### Excerpted records ###

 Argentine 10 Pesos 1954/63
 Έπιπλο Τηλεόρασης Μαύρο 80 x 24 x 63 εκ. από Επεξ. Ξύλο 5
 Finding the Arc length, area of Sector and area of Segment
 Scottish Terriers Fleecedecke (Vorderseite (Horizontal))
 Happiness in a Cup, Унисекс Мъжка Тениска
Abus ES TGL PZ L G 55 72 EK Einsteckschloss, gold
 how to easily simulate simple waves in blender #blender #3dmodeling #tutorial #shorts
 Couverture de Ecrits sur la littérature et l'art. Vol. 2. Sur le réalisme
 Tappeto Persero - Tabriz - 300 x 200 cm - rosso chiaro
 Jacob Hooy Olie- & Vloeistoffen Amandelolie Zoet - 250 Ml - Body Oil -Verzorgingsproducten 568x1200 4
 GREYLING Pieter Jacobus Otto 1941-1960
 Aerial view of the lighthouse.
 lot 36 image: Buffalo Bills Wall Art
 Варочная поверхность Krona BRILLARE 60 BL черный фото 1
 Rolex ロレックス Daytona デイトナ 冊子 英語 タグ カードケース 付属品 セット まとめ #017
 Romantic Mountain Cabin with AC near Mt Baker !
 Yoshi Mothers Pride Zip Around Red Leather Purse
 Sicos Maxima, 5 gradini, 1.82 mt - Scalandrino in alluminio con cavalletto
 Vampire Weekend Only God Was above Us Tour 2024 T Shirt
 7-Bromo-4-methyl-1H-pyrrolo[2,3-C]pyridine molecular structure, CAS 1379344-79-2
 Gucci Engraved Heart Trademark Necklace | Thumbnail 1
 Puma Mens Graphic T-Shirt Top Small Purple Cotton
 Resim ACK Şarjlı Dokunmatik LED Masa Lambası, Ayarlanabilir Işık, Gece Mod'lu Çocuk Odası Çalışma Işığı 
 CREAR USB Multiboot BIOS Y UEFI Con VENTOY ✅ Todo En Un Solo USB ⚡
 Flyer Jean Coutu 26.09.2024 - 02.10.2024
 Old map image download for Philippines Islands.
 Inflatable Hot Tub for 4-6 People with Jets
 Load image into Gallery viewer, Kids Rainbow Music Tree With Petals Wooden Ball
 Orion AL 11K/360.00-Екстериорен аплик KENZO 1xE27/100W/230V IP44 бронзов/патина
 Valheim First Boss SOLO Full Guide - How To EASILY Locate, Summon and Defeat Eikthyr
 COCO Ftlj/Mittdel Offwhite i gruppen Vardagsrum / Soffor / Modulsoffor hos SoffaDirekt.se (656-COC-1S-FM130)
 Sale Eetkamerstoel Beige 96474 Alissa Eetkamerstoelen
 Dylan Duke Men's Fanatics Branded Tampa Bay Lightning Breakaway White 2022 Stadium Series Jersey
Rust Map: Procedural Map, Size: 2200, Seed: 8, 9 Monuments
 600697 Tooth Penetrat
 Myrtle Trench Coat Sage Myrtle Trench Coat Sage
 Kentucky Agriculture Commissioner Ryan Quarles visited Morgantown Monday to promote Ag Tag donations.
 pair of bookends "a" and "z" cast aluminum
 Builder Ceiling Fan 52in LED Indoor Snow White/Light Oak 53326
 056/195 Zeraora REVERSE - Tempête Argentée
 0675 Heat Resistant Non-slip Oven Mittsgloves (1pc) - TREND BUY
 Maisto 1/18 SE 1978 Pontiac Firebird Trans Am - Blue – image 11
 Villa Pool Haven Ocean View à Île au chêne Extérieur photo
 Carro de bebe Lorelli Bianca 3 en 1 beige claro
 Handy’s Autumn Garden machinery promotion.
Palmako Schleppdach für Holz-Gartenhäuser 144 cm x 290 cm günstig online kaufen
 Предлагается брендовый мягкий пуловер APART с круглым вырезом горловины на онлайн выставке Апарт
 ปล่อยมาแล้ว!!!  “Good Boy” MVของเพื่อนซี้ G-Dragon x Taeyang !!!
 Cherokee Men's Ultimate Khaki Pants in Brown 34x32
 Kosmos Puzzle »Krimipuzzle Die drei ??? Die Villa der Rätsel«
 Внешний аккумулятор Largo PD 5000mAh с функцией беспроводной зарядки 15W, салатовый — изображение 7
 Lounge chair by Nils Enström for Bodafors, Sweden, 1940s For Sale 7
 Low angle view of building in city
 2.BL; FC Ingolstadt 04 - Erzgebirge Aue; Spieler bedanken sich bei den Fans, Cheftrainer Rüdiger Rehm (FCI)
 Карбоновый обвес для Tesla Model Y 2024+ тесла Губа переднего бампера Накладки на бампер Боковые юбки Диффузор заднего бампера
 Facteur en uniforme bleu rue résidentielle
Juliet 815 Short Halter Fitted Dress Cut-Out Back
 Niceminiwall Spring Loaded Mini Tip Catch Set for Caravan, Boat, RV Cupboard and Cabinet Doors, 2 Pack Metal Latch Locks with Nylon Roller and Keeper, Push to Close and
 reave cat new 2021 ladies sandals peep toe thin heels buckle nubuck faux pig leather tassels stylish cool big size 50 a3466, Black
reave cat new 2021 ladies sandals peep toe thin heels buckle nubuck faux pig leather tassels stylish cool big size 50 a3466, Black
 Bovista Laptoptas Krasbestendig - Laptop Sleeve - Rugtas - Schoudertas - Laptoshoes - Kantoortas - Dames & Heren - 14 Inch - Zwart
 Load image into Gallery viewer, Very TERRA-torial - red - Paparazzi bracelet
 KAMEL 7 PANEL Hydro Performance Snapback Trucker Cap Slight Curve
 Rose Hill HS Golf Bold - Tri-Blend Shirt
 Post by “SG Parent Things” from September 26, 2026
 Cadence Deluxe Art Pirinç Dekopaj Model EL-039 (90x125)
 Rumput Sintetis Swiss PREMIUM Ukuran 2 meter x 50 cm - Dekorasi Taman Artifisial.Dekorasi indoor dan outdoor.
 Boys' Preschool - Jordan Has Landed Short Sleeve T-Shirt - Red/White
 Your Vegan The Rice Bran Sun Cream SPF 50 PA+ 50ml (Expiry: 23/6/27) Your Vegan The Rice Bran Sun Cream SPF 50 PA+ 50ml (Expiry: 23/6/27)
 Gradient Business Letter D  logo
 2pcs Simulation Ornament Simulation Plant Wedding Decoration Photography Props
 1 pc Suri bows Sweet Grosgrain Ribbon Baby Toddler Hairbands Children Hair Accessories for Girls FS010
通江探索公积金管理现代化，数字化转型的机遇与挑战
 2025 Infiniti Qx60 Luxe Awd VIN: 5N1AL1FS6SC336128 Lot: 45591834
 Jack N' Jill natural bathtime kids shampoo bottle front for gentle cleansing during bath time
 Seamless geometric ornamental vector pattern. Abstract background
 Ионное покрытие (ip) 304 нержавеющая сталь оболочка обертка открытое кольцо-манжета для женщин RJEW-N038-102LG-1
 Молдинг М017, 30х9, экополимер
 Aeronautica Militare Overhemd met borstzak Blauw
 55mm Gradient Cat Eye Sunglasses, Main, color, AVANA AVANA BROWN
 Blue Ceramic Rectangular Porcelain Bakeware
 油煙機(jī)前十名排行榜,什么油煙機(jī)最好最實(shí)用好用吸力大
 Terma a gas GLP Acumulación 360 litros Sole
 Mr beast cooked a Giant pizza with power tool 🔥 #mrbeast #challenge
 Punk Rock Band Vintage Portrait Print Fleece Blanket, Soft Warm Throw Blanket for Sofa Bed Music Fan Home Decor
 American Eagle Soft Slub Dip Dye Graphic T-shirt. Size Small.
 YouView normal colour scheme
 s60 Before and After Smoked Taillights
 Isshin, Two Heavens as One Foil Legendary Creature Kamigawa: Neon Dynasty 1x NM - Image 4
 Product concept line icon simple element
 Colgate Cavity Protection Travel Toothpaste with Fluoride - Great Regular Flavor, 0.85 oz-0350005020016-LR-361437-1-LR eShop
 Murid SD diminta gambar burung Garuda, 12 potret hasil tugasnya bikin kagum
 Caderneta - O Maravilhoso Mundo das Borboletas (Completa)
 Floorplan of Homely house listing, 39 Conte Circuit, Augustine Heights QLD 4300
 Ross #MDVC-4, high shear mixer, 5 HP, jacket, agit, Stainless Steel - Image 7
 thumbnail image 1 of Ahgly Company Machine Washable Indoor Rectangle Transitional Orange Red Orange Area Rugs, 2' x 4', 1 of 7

###

* [Brief]
Please give an exact copy of the lines above, beginning with the line containing "Happiness in a Cup, Унисекс Мъжка Тениска" and running through the line containing "Couverture de Ecrits", and of no other lines.

* [Result of this exercise]
 Happiness in a Cup, Унисекс Мъжка Тениска
Abus ES TGL PZ L G 55 72 EK Einsteckschloss, gold
 how to easily simulate simple waves in blender #blender #3dmodeling #tutorial #shorts
 Couverture de Ecrits sur la littérature et l'art. Vol. 2. Sur le réalisme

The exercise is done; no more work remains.